• Task objective: A word-for-word copy of the listing is required, and it must contain no pictures.

• Supplied information:
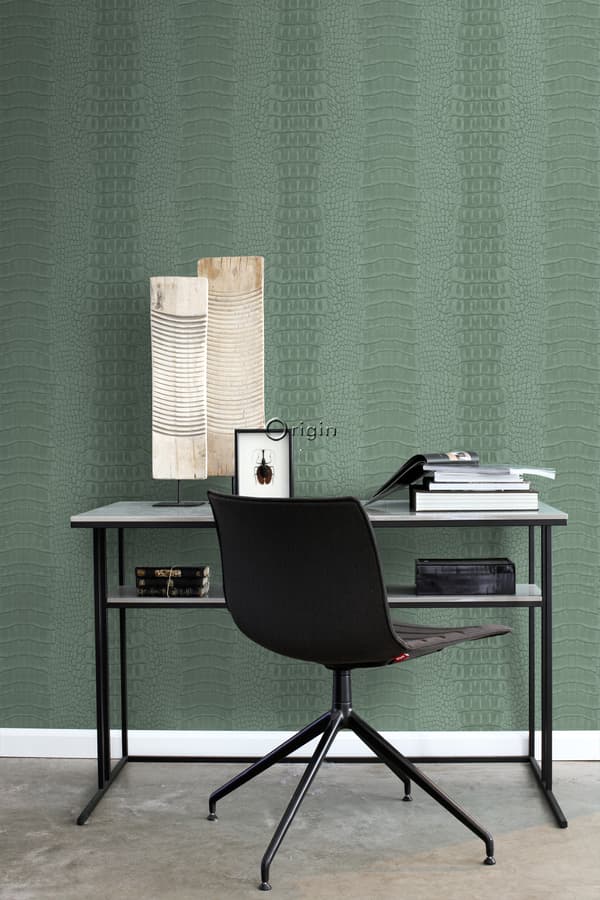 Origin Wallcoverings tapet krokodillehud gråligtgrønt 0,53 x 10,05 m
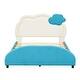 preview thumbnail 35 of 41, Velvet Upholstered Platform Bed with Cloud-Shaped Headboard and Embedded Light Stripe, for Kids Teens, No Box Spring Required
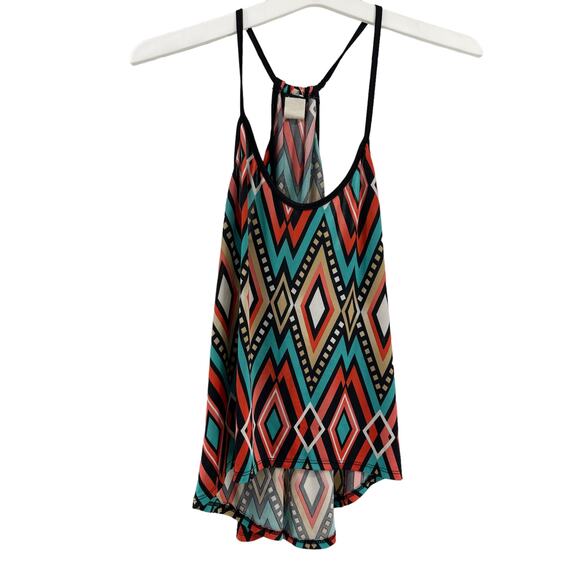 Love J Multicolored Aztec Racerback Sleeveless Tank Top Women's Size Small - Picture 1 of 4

• Task answer:
 Origin Wallcoverings tapet krokodillehud gråligtgrønt 0,53 x 10,05 m
 preview thumbnail 35 of 41, Velvet Upholstered Platform Bed with Cloud-Shaped Headboard and Embedded Light Stripe, for Kids Teens, No Box Spring Required
 Love J Multicolored Aztec Racerback Sleeveless Tank Top Women's Size Small - Picture 1 of 4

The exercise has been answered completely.